8 eCommerce Trends to Expect for the 2017 Holiday Season
Help your fraud team prepare for another wild holiday shopping season!
The holidays are only a few weeks away, and fraud teams are gearing up for yet another record-breaking season; sales forecasts call for a 10% to 16.6% volume increase over last year. To help fraud teams prepare for the order surge, we took a close look at last year’s holiday shopping and fraud patterns. Here’s what we found.
1) Black Friday order volume is 4-5 times higher than average.
But the rush isn’t limited to major shopping holidays–last year every day between November 15 and the end of December had well above average order volume.
Expect order surges – even during “off” days:
2) Every day of the holidays is safer than average.
It may not surprise merchants to hear that the holiday sales volume dilutes the number of fraud attacks, boosting approval rates. But even on interim days during this season you should be able to approve orders at (at least) a 2% higher rate than usual.
Riskified approval rates – 2016 Holidays:
3) The biggest purchases of the year come before Black Friday.
Although the number of orders on Black Friday is the highest of the year, the average dollar value of a purchase is actually much higher on the days preceding it–on the Wednesday before Black Friday the average cart value is over $400.
Cart value is highest the Wednesday before Black Friday:
4) Expect a surge in international orders before Black Friday.

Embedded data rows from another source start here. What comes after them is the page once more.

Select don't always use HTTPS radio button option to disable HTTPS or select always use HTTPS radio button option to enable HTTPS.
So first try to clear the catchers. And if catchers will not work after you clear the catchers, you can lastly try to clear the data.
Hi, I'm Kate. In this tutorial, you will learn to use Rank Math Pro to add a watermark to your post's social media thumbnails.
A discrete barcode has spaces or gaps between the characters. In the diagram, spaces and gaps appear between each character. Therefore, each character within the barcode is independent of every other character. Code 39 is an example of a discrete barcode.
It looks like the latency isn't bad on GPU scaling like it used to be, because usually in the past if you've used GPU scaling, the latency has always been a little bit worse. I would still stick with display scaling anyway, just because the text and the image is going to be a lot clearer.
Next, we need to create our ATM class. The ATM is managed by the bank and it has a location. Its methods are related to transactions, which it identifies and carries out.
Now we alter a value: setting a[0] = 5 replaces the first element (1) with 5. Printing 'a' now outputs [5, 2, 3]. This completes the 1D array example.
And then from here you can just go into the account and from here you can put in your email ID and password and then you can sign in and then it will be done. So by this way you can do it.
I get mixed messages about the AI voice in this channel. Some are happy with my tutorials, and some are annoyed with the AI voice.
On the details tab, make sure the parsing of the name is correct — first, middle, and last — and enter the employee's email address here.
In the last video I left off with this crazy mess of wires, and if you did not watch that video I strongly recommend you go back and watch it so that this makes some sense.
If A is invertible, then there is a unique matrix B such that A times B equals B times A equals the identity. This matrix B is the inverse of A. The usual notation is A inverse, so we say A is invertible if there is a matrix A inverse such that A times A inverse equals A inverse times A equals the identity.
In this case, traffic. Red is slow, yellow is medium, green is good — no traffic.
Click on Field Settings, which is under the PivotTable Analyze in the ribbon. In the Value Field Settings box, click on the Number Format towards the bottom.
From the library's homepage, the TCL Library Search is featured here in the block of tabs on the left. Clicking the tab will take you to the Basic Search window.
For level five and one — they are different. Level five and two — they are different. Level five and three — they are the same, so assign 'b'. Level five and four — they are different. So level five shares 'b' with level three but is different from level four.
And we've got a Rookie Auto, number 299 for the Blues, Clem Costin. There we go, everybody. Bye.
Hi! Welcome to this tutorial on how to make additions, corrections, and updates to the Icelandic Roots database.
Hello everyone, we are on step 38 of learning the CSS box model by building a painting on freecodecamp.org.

One reason the Wednesday and Thursday before Black Friday have such pricey carts is that a high share of these orders are cross-border (38% and 35% respectively). International orders placed in mid-November tend to be legitimate. To ensure you get the most out of this period make sure your fraud team is up to speed on global fraud trends, understands the legitimate reasons international shoppers use reshippers, and that you’re not automatically declining or flagging all cross-border orders.
Cross-border: safe before Black Friday, risky around Christmas
5) Customers shell out for expedited shipping over the holidays.
During the year, expedited shipping makes fraud more likely, since fraudsters don’t mind the additional expense as much as real cardholders. But it’s a totally expected behavior during the holidays. In fact, on the day before Christmas nearly 10% of orders have rushed shipping, and we easily approve 93% of these.
6) The night before Christmas is a scramble for digital gift cards.
People still seem to prefer giving and receiving physical gifts during the holidays, but last-minute shoppers are often left with no choice but to go digital. As you can see below, well over 30% of orders placed the day before Christmas are for digital goods.
The thing that’s tricky is that while digital orders are quite safe around both Black Friday and Christmas, they are risky in the period between. Proceed with caution.
Last-minute shoppers buy digital goods:
7) Holiday shoppers avoid “buy online, pickup in store”.
It’s not surprising that people prefer having their orders shipped rather than face the holiday crowds. But that doesn’t mean that you should be wary of all these orders–on New Year’s Eve in-store pickup is safer than it is year round. However, we do see unusually high fraud rates in these orders on the day before Christmas–likely because fraudsters try to take advantage of the hectic shopping environment.
8) The rate of mobile orders is 10% higher during the holidays.
Customers shop on their phones while browsing in physical stores in order to avoid crazy lines. Plus, people are often traveling during the holidays, and are more reliant on phones and tablets. During this period, it’s especially important that your fraud review systems are able to identify mobile orders and process them accordingly. As you can see, weekends have much higher mobile rates since people are away from their work computers.
Shoppers use mobile over the holidays – especially on the weekends:
Riskified wishes you a successful, fraud-free holiday season!